→ DIRECTIONS
Would you please return the data below verbatim, without its pictures?

→ DATASET EXCERPT
○ ○ ○ ○

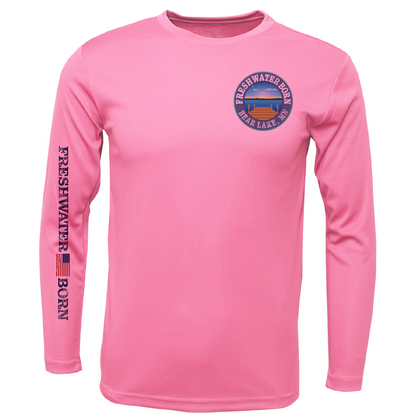 Bear Lake, MN Freshwater Born State Flag Men's Long Sleeve UPF 50+ Dry-Fit Shirt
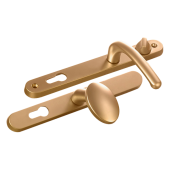 L25743 - Fab & Fix Gold Espagnolette Handles - 92/62mm Centres - 211mm Screw Centres - 243mm Backplate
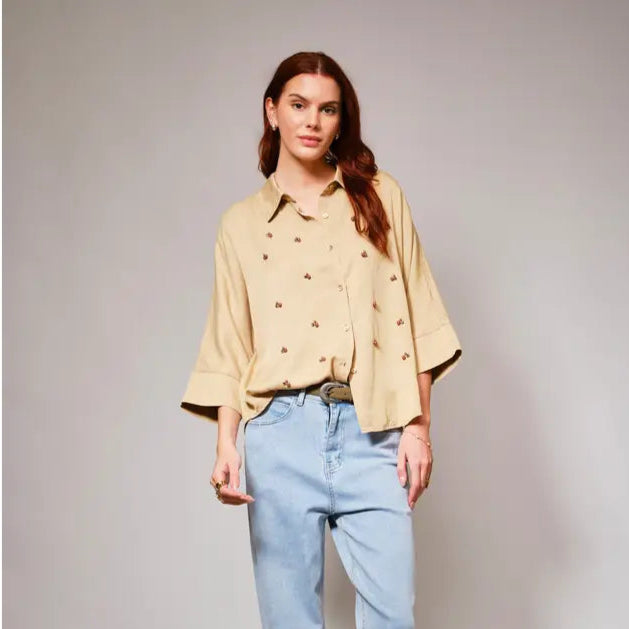 Hi-Low Pearl Embellished Chambray Top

○ ○ ○ ○

→ FINISHED EXERCISE
 Bear Lake, MN Freshwater Born State Flag Men's Long Sleeve UPF 50+ Dry-Fit Shirt
 L25743 - Fab & Fix Gold Espagnolette Handles - 92/62mm Centres - 211mm Screw Centres - 243mm Backplate
 Hi-Low Pearl Embellished Chambray Top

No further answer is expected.